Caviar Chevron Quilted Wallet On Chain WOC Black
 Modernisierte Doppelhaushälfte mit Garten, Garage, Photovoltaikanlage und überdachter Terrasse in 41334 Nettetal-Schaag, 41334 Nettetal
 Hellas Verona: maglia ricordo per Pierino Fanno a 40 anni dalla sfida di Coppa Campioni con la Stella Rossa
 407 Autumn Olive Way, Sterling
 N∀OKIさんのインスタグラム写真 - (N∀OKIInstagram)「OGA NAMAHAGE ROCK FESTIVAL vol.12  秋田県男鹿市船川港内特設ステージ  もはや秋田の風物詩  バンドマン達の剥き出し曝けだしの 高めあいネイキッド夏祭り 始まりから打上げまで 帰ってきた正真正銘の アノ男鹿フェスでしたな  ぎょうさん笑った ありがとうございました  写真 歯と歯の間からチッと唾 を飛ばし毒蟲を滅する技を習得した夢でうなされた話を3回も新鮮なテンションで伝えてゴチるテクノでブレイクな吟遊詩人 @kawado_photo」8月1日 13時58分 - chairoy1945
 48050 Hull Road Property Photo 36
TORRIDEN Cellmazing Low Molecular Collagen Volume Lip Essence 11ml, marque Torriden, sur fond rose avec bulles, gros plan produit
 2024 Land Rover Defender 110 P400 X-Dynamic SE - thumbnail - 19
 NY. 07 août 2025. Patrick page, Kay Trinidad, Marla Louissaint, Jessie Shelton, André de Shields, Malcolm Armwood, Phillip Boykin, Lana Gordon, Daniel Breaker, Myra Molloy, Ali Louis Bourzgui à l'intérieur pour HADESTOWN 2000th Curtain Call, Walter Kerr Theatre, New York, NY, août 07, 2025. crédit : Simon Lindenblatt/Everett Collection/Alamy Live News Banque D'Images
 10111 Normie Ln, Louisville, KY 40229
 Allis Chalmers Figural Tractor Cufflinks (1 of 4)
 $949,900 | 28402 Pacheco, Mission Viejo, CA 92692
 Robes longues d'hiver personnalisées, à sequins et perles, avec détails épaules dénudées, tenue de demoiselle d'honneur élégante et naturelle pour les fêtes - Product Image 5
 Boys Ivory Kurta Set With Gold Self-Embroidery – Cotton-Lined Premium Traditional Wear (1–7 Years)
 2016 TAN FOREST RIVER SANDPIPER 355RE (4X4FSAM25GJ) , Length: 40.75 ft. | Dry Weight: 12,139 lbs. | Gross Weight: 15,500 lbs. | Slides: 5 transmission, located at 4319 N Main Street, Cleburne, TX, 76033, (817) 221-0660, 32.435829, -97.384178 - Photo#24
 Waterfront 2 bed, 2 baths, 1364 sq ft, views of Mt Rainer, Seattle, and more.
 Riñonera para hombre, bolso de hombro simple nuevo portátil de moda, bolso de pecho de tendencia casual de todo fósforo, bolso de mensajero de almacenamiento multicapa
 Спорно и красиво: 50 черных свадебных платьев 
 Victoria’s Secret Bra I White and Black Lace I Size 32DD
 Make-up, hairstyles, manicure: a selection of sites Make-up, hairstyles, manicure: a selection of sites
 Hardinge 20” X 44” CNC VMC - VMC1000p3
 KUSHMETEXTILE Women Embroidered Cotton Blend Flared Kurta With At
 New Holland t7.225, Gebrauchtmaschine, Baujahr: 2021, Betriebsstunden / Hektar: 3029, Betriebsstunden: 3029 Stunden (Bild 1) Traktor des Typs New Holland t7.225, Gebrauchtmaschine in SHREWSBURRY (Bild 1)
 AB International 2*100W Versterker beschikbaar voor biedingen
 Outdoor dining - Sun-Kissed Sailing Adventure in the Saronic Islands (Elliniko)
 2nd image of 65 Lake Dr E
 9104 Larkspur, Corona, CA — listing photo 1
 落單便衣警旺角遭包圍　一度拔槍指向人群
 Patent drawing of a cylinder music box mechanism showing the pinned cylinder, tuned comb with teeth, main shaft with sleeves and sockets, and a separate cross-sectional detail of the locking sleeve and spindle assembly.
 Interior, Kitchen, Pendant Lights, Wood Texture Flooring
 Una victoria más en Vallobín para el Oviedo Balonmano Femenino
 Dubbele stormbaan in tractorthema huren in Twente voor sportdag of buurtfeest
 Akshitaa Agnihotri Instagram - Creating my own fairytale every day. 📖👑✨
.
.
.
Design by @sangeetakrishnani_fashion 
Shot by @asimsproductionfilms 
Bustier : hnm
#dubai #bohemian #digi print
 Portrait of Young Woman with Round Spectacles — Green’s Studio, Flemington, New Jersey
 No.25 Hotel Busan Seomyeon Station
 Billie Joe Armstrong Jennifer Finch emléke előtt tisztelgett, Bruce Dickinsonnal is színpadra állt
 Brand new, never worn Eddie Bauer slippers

• TASK DESCRIPTION:
Where the line with "Waterfront 2 bed, 2" ends, your copy should end too; please return exactly the lines from the first line of the data through it.

• TASK SOLUTION:
Caviar Chevron Quilted Wallet On Chain WOC Black
 Modernisierte Doppelhaushälfte mit Garten, Garage, Photovoltaikanlage und überdachter Terrasse in 41334 Nettetal-Schaag, 41334 Nettetal
 Hellas Verona: maglia ricordo per Pierino Fanno a 40 anni dalla sfida di Coppa Campioni con la Stella Rossa
 407 Autumn Olive Way, Sterling
 N∀OKIさんのインスタグラム写真 - (N∀OKIInstagram)「OGA NAMAHAGE ROCK FESTIVAL vol.12  秋田県男鹿市船川港内特設ステージ  もはや秋田の風物詩  バンドマン達の剥き出し曝けだしの 高めあいネイキッド夏祭り 始まりから打上げまで 帰ってきた正真正銘の アノ男鹿フェスでしたな  ぎょうさん笑った ありがとうございました  写真 歯と歯の間からチッと唾 を飛ばし毒蟲を滅する技を習得した夢でうなされた話を3回も新鮮なテンションで伝えてゴチるテクノでブレイクな吟遊詩人 @kawado_photo」8月1日 13時58分 - chairoy1945
 48050 Hull Road Property Photo 36
TORRIDEN Cellmazing Low Molecular Collagen Volume Lip Essence 11ml, marque Torriden, sur fond rose avec bulles, gros plan produit
 2024 Land Rover Defender 110 P400 X-Dynamic SE - thumbnail - 19
 NY. 07 août 2025. Patrick page, Kay Trinidad, Marla Louissaint, Jessie Shelton, André de Shields, Malcolm Armwood, Phillip Boykin, Lana Gordon, Daniel Breaker, Myra Molloy, Ali Louis Bourzgui à l'intérieur pour HADESTOWN 2000th Curtain Call, Walter Kerr Theatre, New York, NY, août 07, 2025. crédit : Simon Lindenblatt/Everett Collection/Alamy Live News Banque D'Images
 10111 Normie Ln, Louisville, KY 40229
 Allis Chalmers Figural Tractor Cufflinks (1 of 4)
 $949,900 | 28402 Pacheco, Mission Viejo, CA 92692
 Robes longues d'hiver personnalisées, à sequins et perles, avec détails épaules dénudées, tenue de demoiselle d'honneur élégante et naturelle pour les fêtes - Product Image 5
 Boys Ivory Kurta Set With Gold Self-Embroidery – Cotton-Lined Premium Traditional Wear (1–7 Years)
 2016 TAN FOREST RIVER SANDPIPER 355RE (4X4FSAM25GJ) , Length: 40.75 ft. | Dry Weight: 12,139 lbs. | Gross Weight: 15,500 lbs. | Slides: 5 transmission, located at 4319 N Main Street, Cleburne, TX, 76033, (817) 221-0660, 32.435829, -97.384178 - Photo#24
 Waterfront 2 bed, 2 baths, 1364 sq ft, views of Mt Rainer, Seattle, and more.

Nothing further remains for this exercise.